---------- Provided material ----------
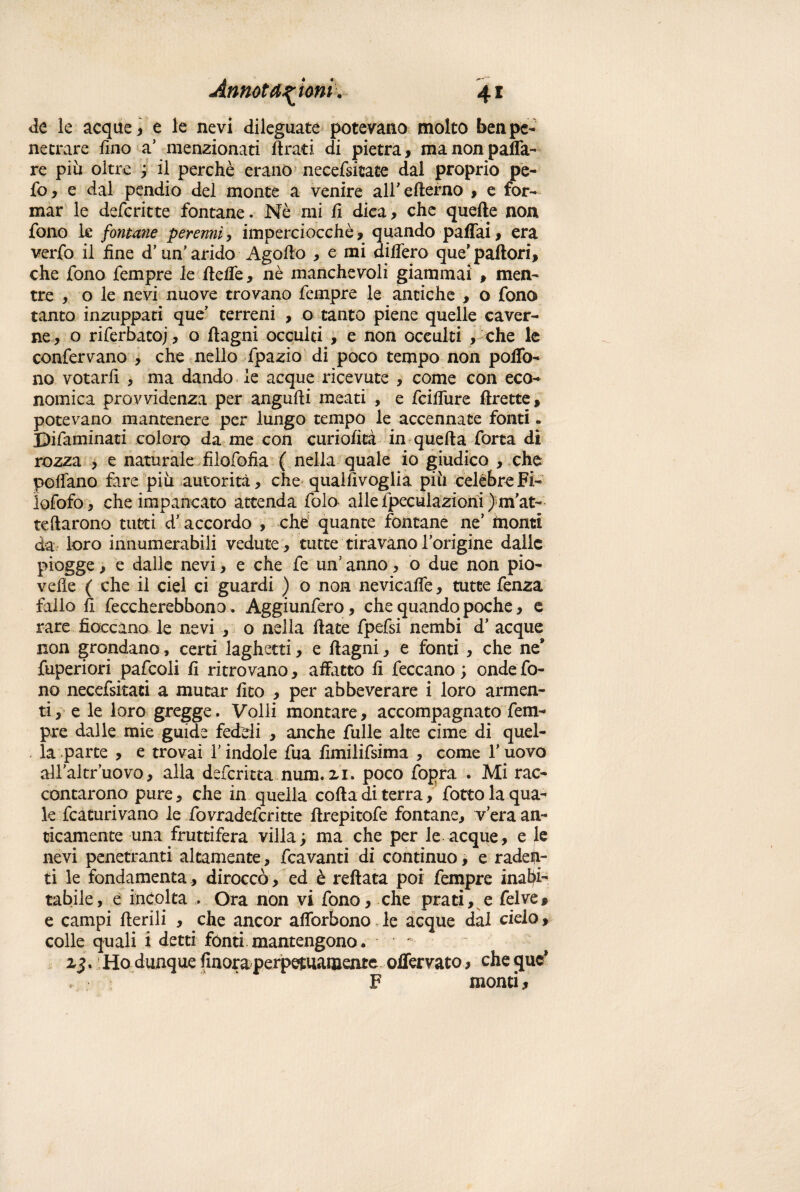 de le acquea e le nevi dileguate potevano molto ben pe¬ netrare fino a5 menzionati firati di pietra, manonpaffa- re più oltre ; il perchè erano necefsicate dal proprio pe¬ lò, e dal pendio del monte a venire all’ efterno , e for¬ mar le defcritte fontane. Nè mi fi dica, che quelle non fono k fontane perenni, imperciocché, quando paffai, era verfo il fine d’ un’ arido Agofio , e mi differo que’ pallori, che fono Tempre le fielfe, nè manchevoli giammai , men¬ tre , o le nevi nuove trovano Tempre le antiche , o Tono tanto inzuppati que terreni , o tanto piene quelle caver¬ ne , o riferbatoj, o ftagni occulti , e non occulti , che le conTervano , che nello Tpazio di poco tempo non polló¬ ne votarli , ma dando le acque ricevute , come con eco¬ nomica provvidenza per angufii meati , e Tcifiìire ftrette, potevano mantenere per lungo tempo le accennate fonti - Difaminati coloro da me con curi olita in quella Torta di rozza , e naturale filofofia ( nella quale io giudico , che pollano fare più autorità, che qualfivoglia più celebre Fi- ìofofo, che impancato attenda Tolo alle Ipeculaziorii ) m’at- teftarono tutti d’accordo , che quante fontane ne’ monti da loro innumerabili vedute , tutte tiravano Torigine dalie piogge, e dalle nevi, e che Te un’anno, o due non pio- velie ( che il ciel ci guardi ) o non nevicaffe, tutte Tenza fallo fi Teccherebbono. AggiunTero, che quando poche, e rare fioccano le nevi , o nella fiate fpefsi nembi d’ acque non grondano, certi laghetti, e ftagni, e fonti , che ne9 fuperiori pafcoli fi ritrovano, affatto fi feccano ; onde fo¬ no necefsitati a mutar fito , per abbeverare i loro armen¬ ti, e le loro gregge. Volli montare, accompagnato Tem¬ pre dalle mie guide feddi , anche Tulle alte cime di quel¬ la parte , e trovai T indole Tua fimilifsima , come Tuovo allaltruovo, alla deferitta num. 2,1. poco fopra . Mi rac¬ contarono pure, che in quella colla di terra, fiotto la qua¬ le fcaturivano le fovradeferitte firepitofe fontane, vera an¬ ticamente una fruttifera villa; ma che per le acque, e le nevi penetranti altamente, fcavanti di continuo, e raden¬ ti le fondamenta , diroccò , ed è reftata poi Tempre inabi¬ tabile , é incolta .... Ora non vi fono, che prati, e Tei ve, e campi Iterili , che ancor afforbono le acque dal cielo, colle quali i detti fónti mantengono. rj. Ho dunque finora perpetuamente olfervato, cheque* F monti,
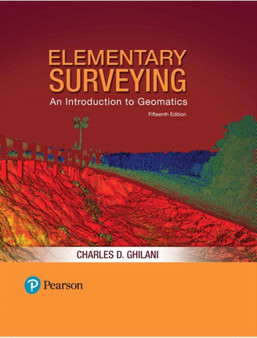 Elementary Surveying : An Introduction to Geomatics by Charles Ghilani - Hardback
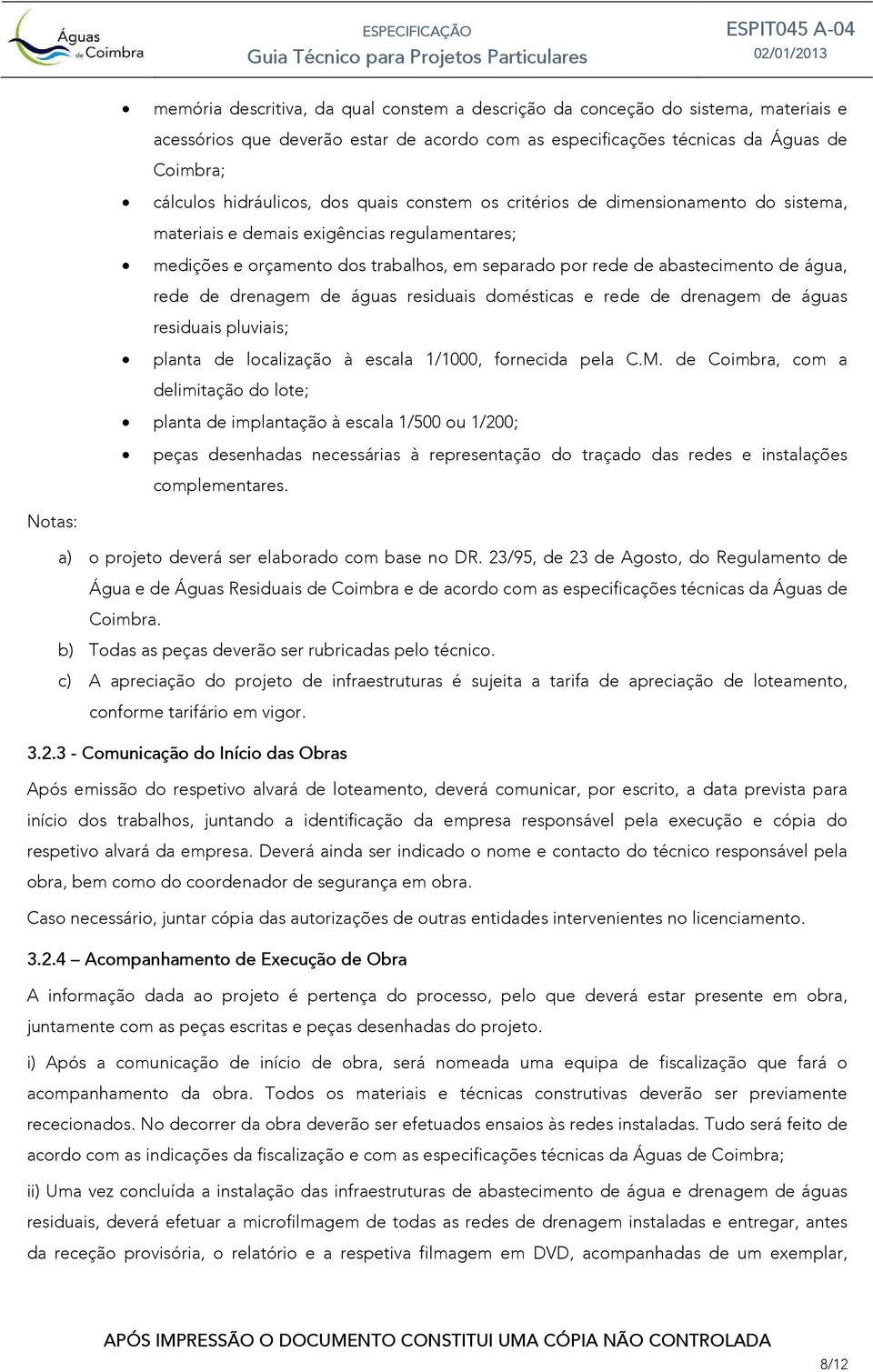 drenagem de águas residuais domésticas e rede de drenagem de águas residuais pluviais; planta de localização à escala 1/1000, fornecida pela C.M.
----------
• Exercise
Print every line of the material above exactly as it reads, skipping the pictures.

• Result of the exercise
 de le acquea e le nevi dileguate potevano molto ben pe¬ netrare fino a5 menzionati firati di pietra, manonpaffa- re più oltre ; il perchè erano necefsicate dal proprio pe¬ lò, e dal pendio del monte a venire all’ efterno , e for¬ mar le defcritte fontane. Nè mi fi dica, che quelle non fono k fontane perenni, imperciocché, quando paffai, era verfo il fine d’ un’ arido Agofio , e mi differo que’ pallori, che fono Tempre le fielfe, nè manchevoli giammai , men¬ tre , o le nevi nuove trovano Tempre le antiche , o Tono tanto inzuppati que terreni , o tanto piene quelle caver¬ ne , o riferbatoj, o ftagni occulti , e non occulti , che le conTervano , che nello Tpazio di poco tempo non polló¬ ne votarli , ma dando le acque ricevute , come con eco¬ nomica provvidenza per angufii meati , e Tcifiìire ftrette, potevano mantenere per lungo tempo le accennate fonti - Difaminati coloro da me con curi olita in quella Torta di rozza , e naturale filofofia ( nella quale io giudico , che pollano fare più autorità, che qualfivoglia più celebre Fi- ìofofo, che impancato attenda Tolo alle Ipeculaziorii ) m’at- teftarono tutti d’accordo , che quante fontane ne’ monti da loro innumerabili vedute , tutte tiravano Torigine dalie piogge, e dalle nevi, e che Te un’anno, o due non pio- velie ( che il ciel ci guardi ) o non nevicaffe, tutte Tenza fallo fi Teccherebbono. AggiunTero, che quando poche, e rare fioccano le nevi , o nella fiate fpefsi nembi d’ acque non grondano, certi laghetti, e ftagni, e fonti , che ne9 fuperiori pafcoli fi ritrovano, affatto fi feccano ; onde fo¬ no necefsitati a mutar fito , per abbeverare i loro armen¬ ti, e le loro gregge. Volli montare, accompagnato Tem¬ pre dalle mie guide feddi , anche Tulle alte cime di quel¬ la parte , e trovai T indole Tua fimilifsima , come Tuovo allaltruovo, alla deferitta num. 2,1. poco fopra . Mi rac¬ contarono pure, che in quella colla di terra, fiotto la qua¬ le fcaturivano le fovradeferitte firepitofe fontane, vera an¬ ticamente una fruttifera villa; ma che per le acque, e le nevi penetranti altamente, fcavanti di continuo, e raden¬ ti le fondamenta , diroccò , ed è reftata poi Tempre inabi¬ tabile , é incolta .... Ora non vi fono, che prati, e Tei ve, e campi Iterili , che ancor afforbono le acque dal cielo, colle quali i detti fónti mantengono. rj. Ho dunque finora perpetuamente olfervato, cheque* F monti,
 Elementary Surveying : An Introduction to Geomatics by Charles Ghilani - Hardback
 drenagem de águas residuais domésticas e rede de drenagem de águas residuais pluviais; planta de localização à escala 1/1000, fornecida pela C.M.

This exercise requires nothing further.